## ASSIGNMENT
A word-for-word copy is needed of the line containing "Includes (left to" and every line after it through the end of the records below, leaving out all pictures.

## LISTED ENTRIES
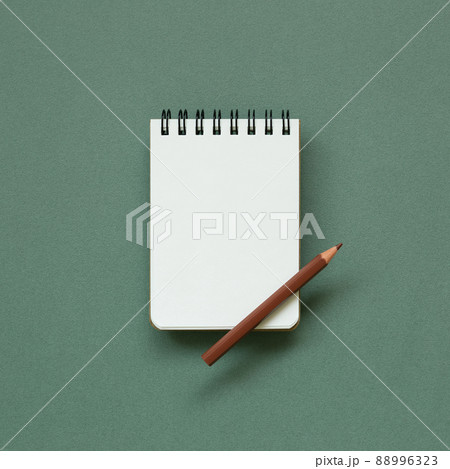 Empty memo note pad with brown pencil on green background. top view, copy space Empty memo note pad with brown pencil on green background. top view, copy space 88996323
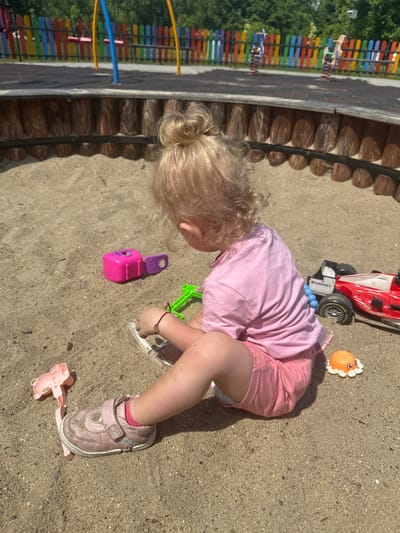 A young child with blonde hair pulled into a bun is sitting in a sandbox, facing away from the camera. The child is wearing a pink t-shirt and pink shorts, and pink shoes. The child's left hand is in the sand, and they appear to be playing with sand. Several toys are scattered in the sandbox around the child, including a pink toy, a green shovel, a red and black toy car, and a small orange octopus toy. In the background, a wooden border surrounds the sandbox, and beyond that, a colorful fence and playground equipment are visible, suggesting the location is a public playground. The overall setting is outdoors during the daytime, with bright sunlight casting shadows. The scene is consistent with a playground in Donchovci, Bulgaria, given the typical features of such facilities.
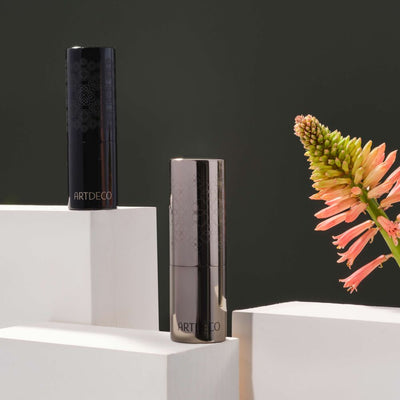 Nachfüllbare Verpackungen des Cotour Lipsticks auf verschieden hohen Podesten und einer Blume im Hintergrund. 
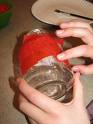 An image of a hand putting red covering on a baby food jar with the intentions of turning it into a candle. 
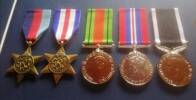 Includes (left to right) the 1939-1945 Star, the France and Germany Star, the Defence Medal, the War Medal 1939-1945, and the New Zealand War Service Medal.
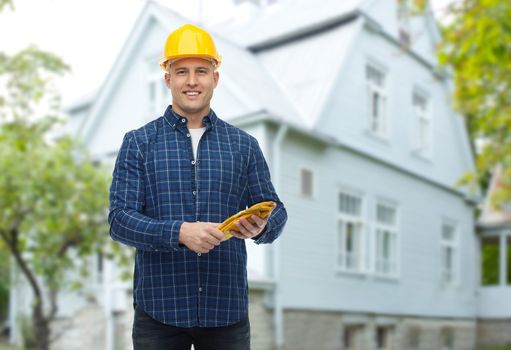 repair, building, construction and maintenance concept - smiling man in helmet with gloves over living house background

## RESULT OF THE TASK
 Includes (left to right) the 1939-1945 Star, the France and Germany Star, the Defence Medal, the War Medal 1939-1945, and the New Zealand War Service Medal.
 repair, building, construction and maintenance concept - smiling man in helmet with gloves over living house background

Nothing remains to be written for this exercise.